======== Exercise inputs ========

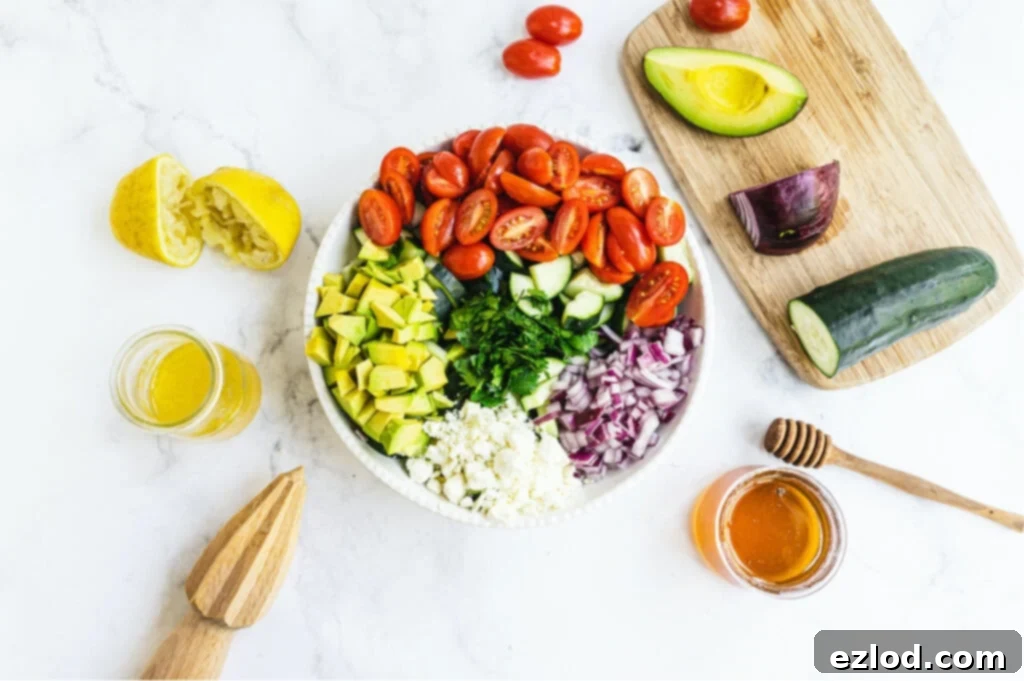Overhead photo of large bowl of cucumber tomato salad before being mixed together. Extra ingredients surround the bowl of salad.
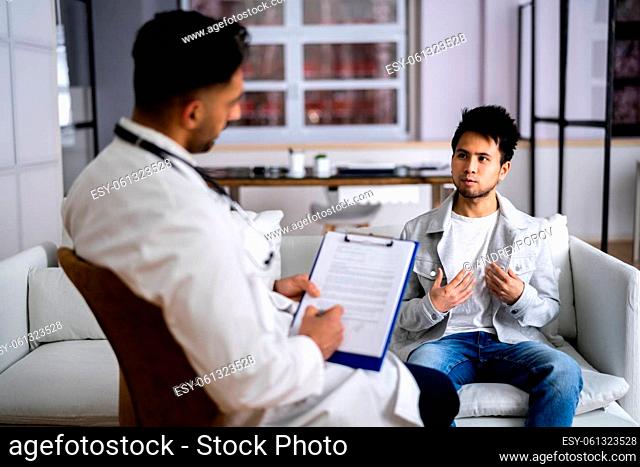 Doctor With Young Asian Patient Living At Home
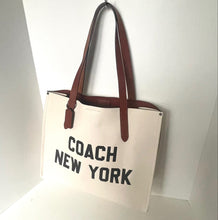 Load image into Gallery viewer, Beige tote bag with brown straps and 'Coach New York' text on a white background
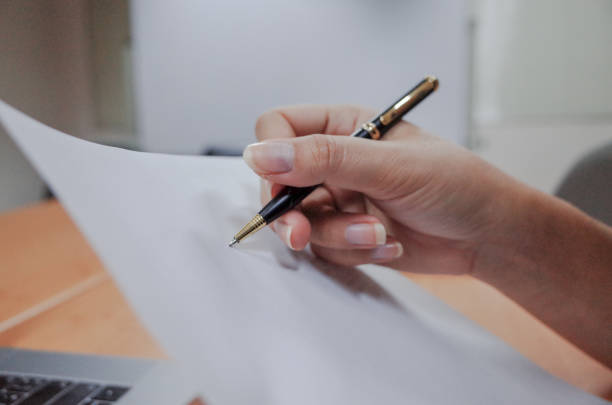 istock Business women signing a document after reading the agreement 1209091225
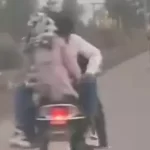 दोस्त से स्कूटी चलवाया और रास्ते भर कपल ने किया रोमांस, अश्लीलता फैलाते वीडियो वायरल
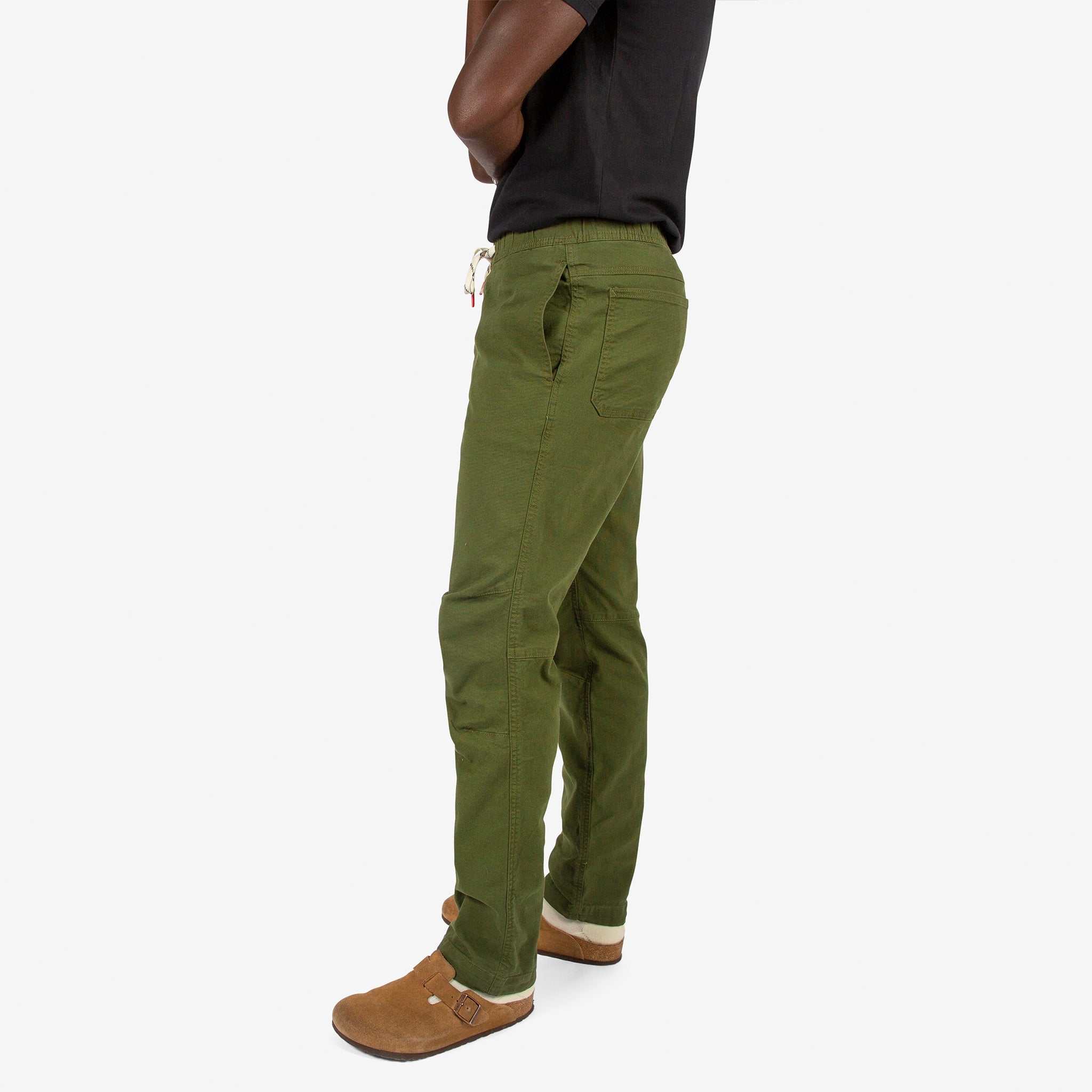 Close-up side model shot of Topo Designs Men's Dirt Shirt & Pants in "Olive" green.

========

» **Assignment**: Your copy should run from the line that has "Load image into" through the last line above, exactly, with both ends in and pictures out.

» **Solution to this exercise**:
 Load image into Gallery viewer, Beige tote bag with brown straps and 'Coach New York' text on a white background
 istock Business women signing a document after reading the agreement 1209091225
 दोस्त से स्कूटी चलवाया और रास्ते भर कपल ने किया रोमांस, अश्लीलता फैलाते वीडियो वायरल
 Close-up side model shot of Topo Designs Men's Dirt Shirt & Pants in "Olive" green.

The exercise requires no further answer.